Eli Beutel wins COVID-eo Film Festival and Competition

The title card from Eli Beutel's film "Hesh's of the Afternoon" is pictured. Courtesy Eli Beutel

The conclusion of the Tufts COVID-eo Film Festival and Competition saw Eli Beutel, and his film “Hesh’s of the Afternoon,” take first prize

“It’s about a boy who’s maybe conflicted with who he is,” Beutel said in an interview. “There’s things about him, you know — what kind of clothes he wears, what he does for fun — and he thinks that those all make sense. And that is what makes him, but one day in a dream, this image of himself becomes very confused. And he kind of has an internal conflict where he’s not sure who he is anymore. And he skateboards.”

Beutel took heavy inspiration from the 1943 experimental film classic of a similar name, “Meshes of the Afternoon” by Maya Deren. Beutel’s film uses small details to maintain the film’s aesthetic, such as soft lighting to help mimic the original film’s black and white color palette. Additionally, some scenes draw direct visual parallels to the original film, like a character’s face obstructed by digital static while the original featured a character with a mirror for a face. 

“[The film is] kind of a parody, I wouldn’t even call it that, really, it’s not making fun of anything … it’s a reference,” Beutel said.

The film was a passion project of sorts, as Beutel is a film minor and an applied physics major, but one that kept him honest. 

“[The contest was] just kind of a good excuse,” he said. “It was a deadline, which I don’t usually have. It’s like, okay, they’re accepting films by this date. So I was like, I’ll make one.”

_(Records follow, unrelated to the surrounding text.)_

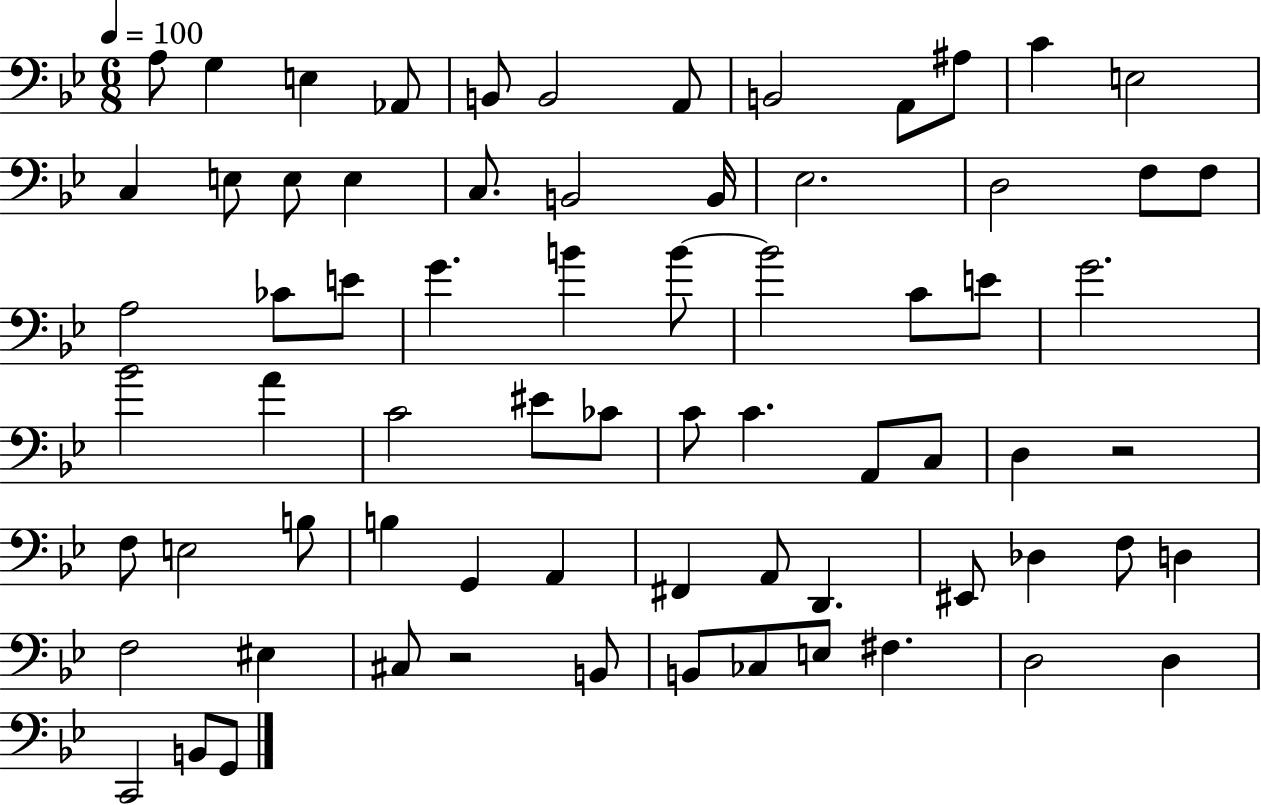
{
  \clef bass
  \numericTimeSignature
  \time 6/8
  \key bes \major
  \tempo 4 = 100
  a8 g4 e4 aes,8 | b,8 b,2 a,8 | b,2 a,8 ais8 | c'4 e2 | \break c4 e8 e8 e4 | c8. b,2 b,16 | ees2. | d2 f8 f8 | \break a2 ces'8 e'8 | g'4. b'4 b'8~~ | b'2 c'8 e'8 | g'2. | \break bes'2 a'4 | c'2 eis'8 ces'8 | c'8 c'4. a,8 c8 | d4 r2 | \break f8 e2 b8 | b4 g,4 a,4 | fis,4 a,8 d,4. | eis,8 des4 f8 d4 | \break f2 eis4 | cis8 r2 b,8 | b,8 ces8 e8 fis4. | d2 d4 | \break c,2 b,8 g,8 | \bar "|."
}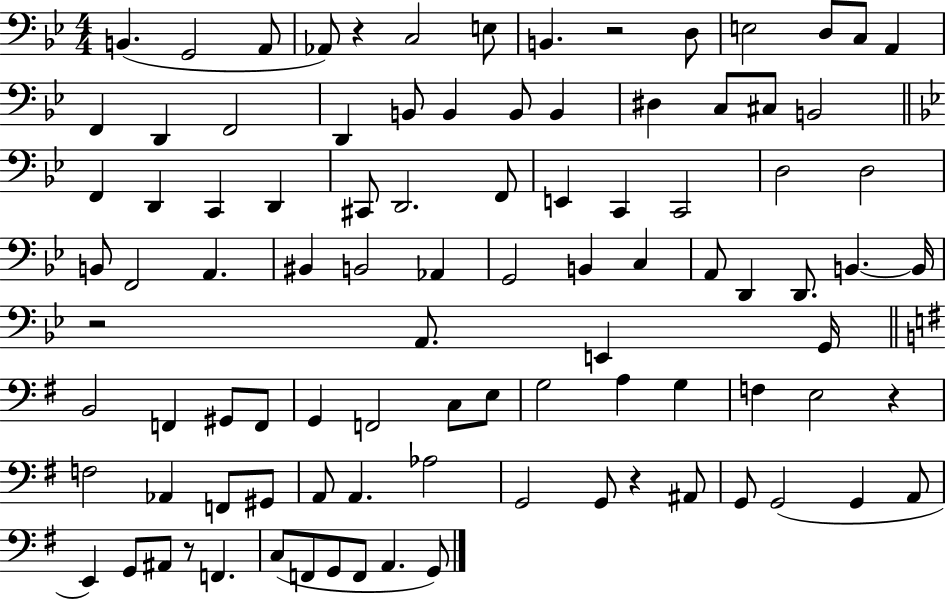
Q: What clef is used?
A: bass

The pressure of the contest is just one part of the greater force driving Beutel forward in filmmaking, though, as he elaborated, “If it’s an average weekend night, I’m not, you know, going out to a party or something. I’m just kind of with my close friends doing what I want to do. And so for me … I don’t have any kind of FOMO on nights when I am just sitting, on my laptop editing, or I’m sitting at my desk writing a script or writing a movie.”

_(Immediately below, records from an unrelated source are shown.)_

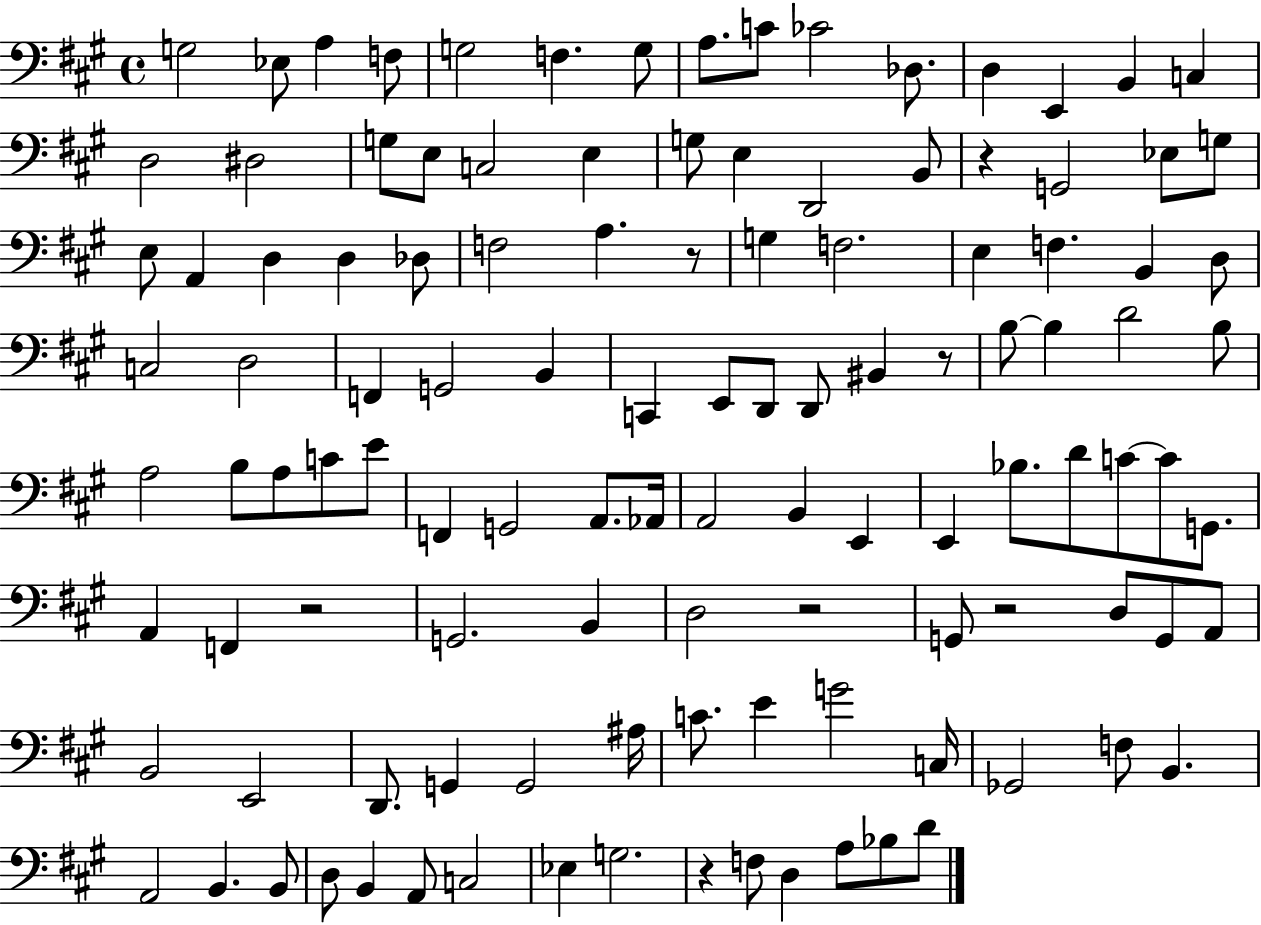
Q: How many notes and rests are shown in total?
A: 116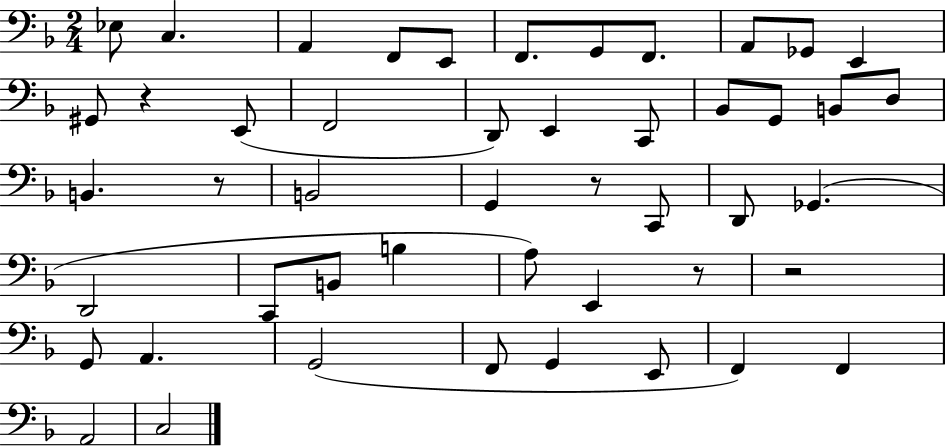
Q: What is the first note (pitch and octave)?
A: Eb3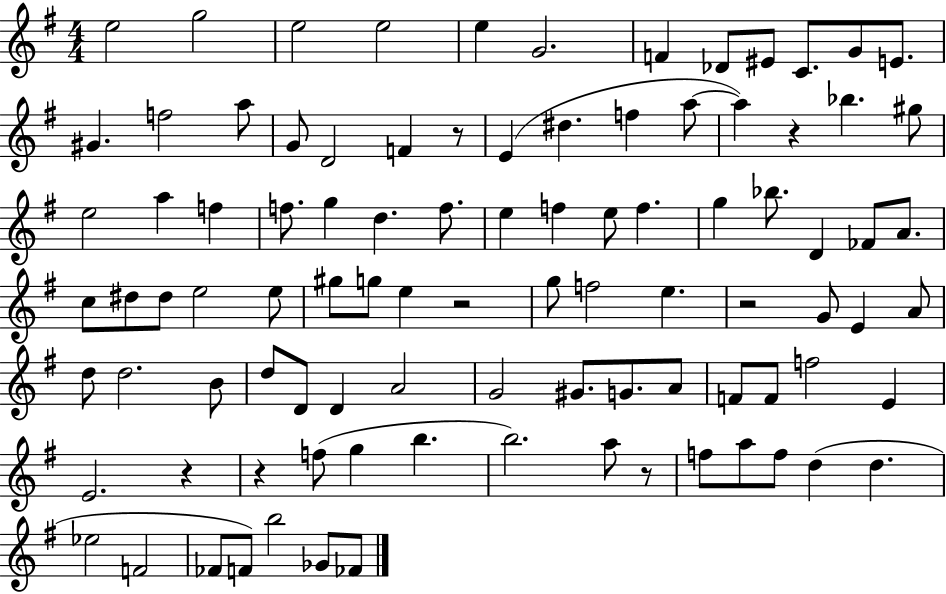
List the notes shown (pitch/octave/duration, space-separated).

E5/h G5/h E5/h E5/h E5/q G4/h. F4/q Db4/e EIS4/e C4/e. G4/e E4/e. G#4/q. F5/h A5/e G4/e D4/h F4/q R/e E4/q D#5/q. F5/q A5/e A5/q R/q Bb5/q. G#5/e E5/h A5/q F5/q F5/e. G5/q D5/q. F5/e. E5/q F5/q E5/e F5/q. G5/q Bb5/e. D4/q FES4/e A4/e. C5/e D#5/e D#5/e E5/h E5/e G#5/e G5/e E5/q R/h G5/e F5/h E5/q. R/h G4/e E4/q A4/e D5/e D5/h. B4/e D5/e D4/e D4/q A4/h G4/h G#4/e. G4/e. A4/e F4/e F4/e F5/h E4/q E4/h. R/q R/q F5/e G5/q B5/q. B5/h. A5/e R/e F5/e A5/e F5/e D5/q D5/q. Eb5/h F4/h FES4/e F4/e B5/h Gb4/e FES4/e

Be that as it may, Beutel was gracious when reflecting on his experiences filmmaking during the pandemic. “I’m kind of privileged enough that … I’ve been safe. And I’ve been in good company. And nobody I really love has been affected negatively by [COVID-19].”

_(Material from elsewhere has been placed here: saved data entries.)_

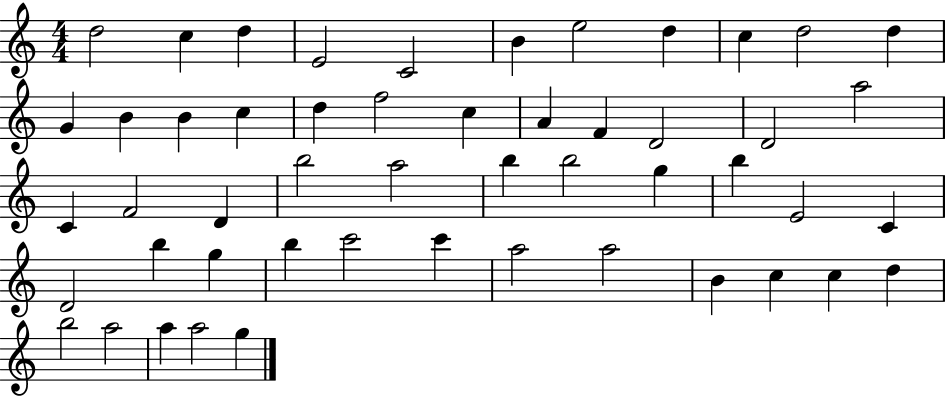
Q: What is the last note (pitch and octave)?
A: G5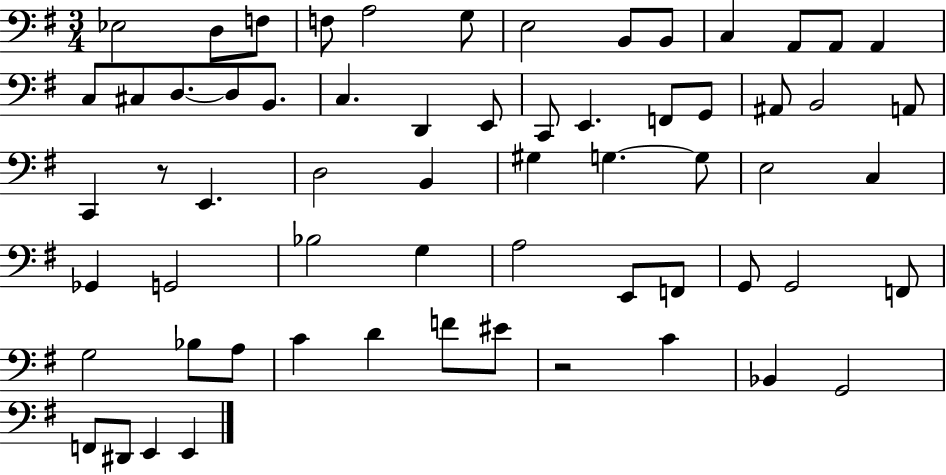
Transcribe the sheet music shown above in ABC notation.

X:1
T:Untitled
M:3/4
L:1/4
K:G
_E,2 D,/2 F,/2 F,/2 A,2 G,/2 E,2 B,,/2 B,,/2 C, A,,/2 A,,/2 A,, C,/2 ^C,/2 D,/2 D,/2 B,,/2 C, D,, E,,/2 C,,/2 E,, F,,/2 G,,/2 ^A,,/2 B,,2 A,,/2 C,, z/2 E,, D,2 B,, ^G, G, G,/2 E,2 C, _G,, G,,2 _B,2 G, A,2 E,,/2 F,,/2 G,,/2 G,,2 F,,/2 G,2 _B,/2 A,/2 C D F/2 ^E/2 z2 C _B,, G,,2 F,,/2 ^D,,/2 E,, E,,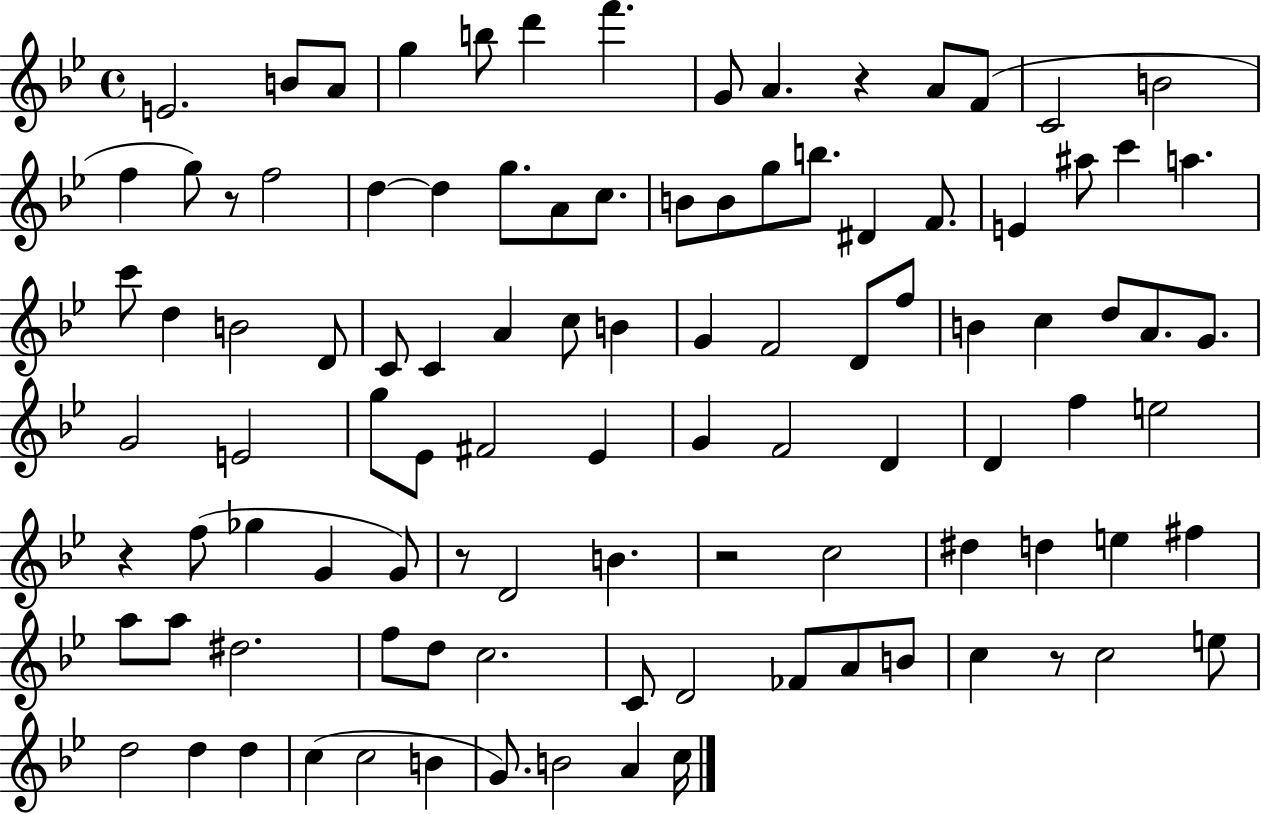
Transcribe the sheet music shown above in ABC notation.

Like any good artist, Beutel’s work remains unfinished, though his plans for future projects are somewhat fluid for the time being. 

“Over winter break, I’m gonna be going on a road trip with some friends from home,” Beutel said. “One of them said he’s gonna write a script. And we hope to kind of make like a road movie, you know, truly on the road. But that’s not a hard plan.” 

Whatever Beutel may have in store, his contest-winning work suggests that his next project will prove to be as interesting a mix as applied physics and film.